### WORK REQUIRED
Wherever the word "href" occurs in the listing below, copy that whole line.

### RECORD EXTRACTS
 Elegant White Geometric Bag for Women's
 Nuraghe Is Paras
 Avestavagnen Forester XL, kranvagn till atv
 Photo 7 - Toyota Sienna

* * *

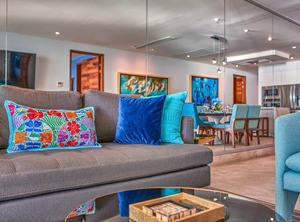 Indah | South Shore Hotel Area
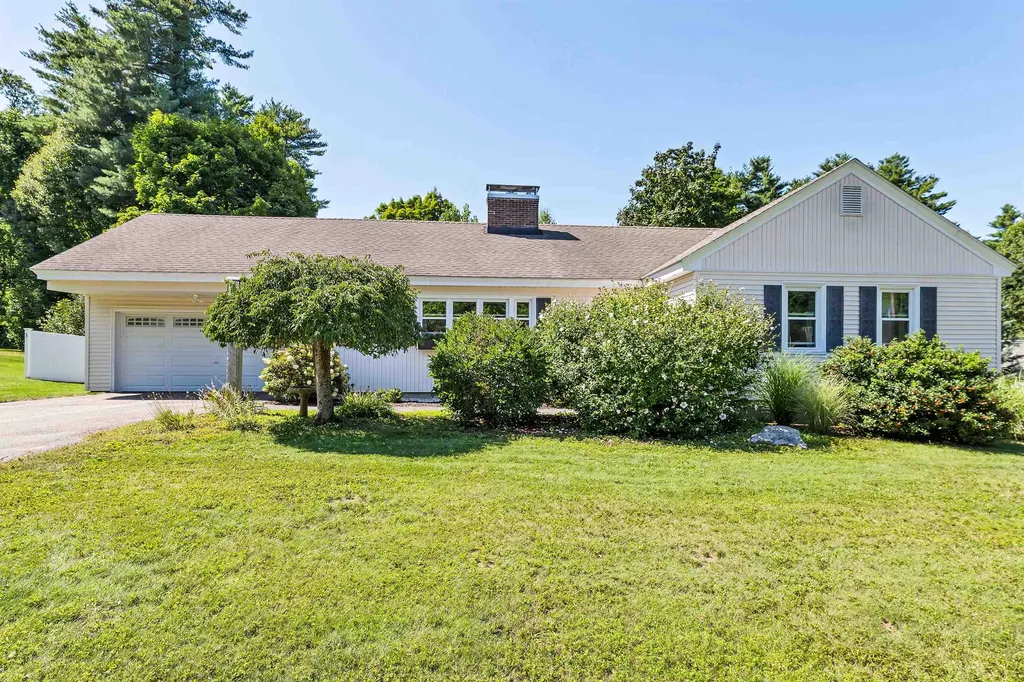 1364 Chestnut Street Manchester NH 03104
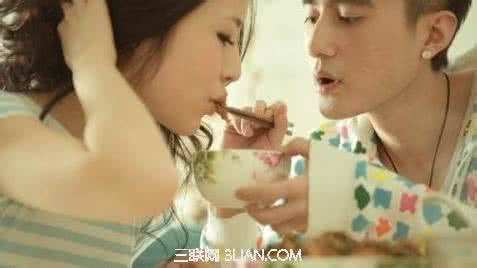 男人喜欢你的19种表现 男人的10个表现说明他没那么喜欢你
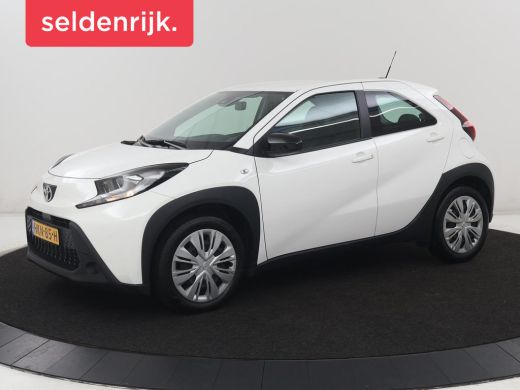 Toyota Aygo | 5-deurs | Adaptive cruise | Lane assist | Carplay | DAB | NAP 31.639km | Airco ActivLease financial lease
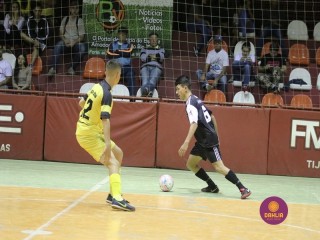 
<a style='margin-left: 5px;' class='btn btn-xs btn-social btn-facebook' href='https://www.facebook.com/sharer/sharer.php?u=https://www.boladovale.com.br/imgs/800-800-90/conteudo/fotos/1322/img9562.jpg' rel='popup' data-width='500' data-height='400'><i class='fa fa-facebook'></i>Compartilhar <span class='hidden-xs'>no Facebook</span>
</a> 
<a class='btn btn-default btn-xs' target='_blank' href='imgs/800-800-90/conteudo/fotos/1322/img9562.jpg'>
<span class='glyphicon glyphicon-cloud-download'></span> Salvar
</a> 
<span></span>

--

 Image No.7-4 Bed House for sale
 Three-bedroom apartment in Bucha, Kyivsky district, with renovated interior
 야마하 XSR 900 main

### RESPONSE FOR THIS EXERCISE
<a style='margin-left: 5px;' class='btn btn-xs btn-social btn-facebook' href='https://www.facebook.com/sharer/sharer.php?u=https://www.boladovale.com.br/imgs/800-800-90/conteudo/fotos/1322/img9562.jpg' rel='popup' data-width='500' data-height='400'><i class='fa fa-facebook'></i>Compartilhar <span class='hidden-xs'>no Facebook</span>
<a class='btn btn-default btn-xs' target='_blank' href='imgs/800-800-90/conteudo/fotos/1322/img9562.jpg'>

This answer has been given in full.